Malmström knows her audience. She has also anticipated the public anger. An outright ‘yes'' to ISDS would be a political misstep, guaranteed to release the hounds. After all, what she actually said was: “Will it stay in [TTIP]? I don’t know. Maybe not. But it is too early to judge on that.”
“Too early to judge on that” was coupled earlier with too late to act on CETA. The ISDS clause for that agreement, she maintains, should remain. Reopening CETA to remove ISDS would be “a mistake” she said. In that sense, it is worth considering that either “too early” or “too late” is a nice way of her saying ‘I have no intention of rocking the boat on this issue’. At the very least, she has back tracked on a clear commitment from Juncker's quote to remove ISDS. At most, she is supportive of it, meaning she could be in direct conflict with the future President of the Commission.

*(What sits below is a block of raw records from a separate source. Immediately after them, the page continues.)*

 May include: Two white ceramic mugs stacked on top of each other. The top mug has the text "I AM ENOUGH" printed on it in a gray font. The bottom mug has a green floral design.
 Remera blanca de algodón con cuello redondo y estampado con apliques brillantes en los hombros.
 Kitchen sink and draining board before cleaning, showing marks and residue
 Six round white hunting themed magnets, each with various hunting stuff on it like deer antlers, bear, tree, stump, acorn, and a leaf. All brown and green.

Unsolved case of track-changes
Malmström apologised for sending the wrong version of her written responses to MEP questions. Though some media platforms reported this to be a “leak”, it was in fact, a final version sent to all MEPs. The only difference to the redrafted document sent 24 hours later was the edited Juncker quote which included, mistakenly, the track changes of a Commission official, Martin Selmayr, Juncker’s new chief of staff. The how and why of this story remains unanswered. Did Juncker’s staff put pressure on Malmström to have a stronger anti-ISDS stance? Who edited Juncker’s original quote to explicitly call for the removal of ISDS from TTIP? Who forced a recall of the document and why?
What we do know is that in the end, Malmström held the DG Trade line. She didn’t deviate from the pro-ISDS script, as much as perhaps she (or others) wanted to. Her belief is that ISDS, whether we like it or not is a reality in many trade agreements, and so needs to be tackled and defined to ensure there are “crystal clear limits to investor abuse”. CETA was a good agreement regarding this, she claims.
But there are good reasons to be skeptical about the Commission's “reform” plans with ISDS. And it is good to separate the PR-spin from the facts of a system that inherently does not allow equal access to justice.
A final note on Malmström’s hearing was her cautious language surrounding her transparency plans going forward. While she said she would do her best to allow all MEPs to gain access to key negotiation texts (currently locked away in secure reading rooms for designated-eyes only) she was less specific on what she would do to ensure the public were informed and involved in the proceedings.
Speaking about the need to release “more documents” is not the same as releasing the documents that matter, such as key negotiating texts, or the negotiating mandates of both the EU and US. After months of botched pseudo-transparency efforts, from a public consultation which discounted public opinion, to a rejected ECI, the public are frustrated and rightfully distrustful of vague commitments to do better. In short, Malmström needs to prove to us she'll do better, not tell us she will.
Malmström has stepped into a debate that has been raging long before her appointment. She may rely on DG Trade to set (or keep) the course until she finds her feet. But considering it "too early" or "too late" to discuss the key sticking points of these deals only delays the inevitable. If she really wants a new start, the time to do it is now.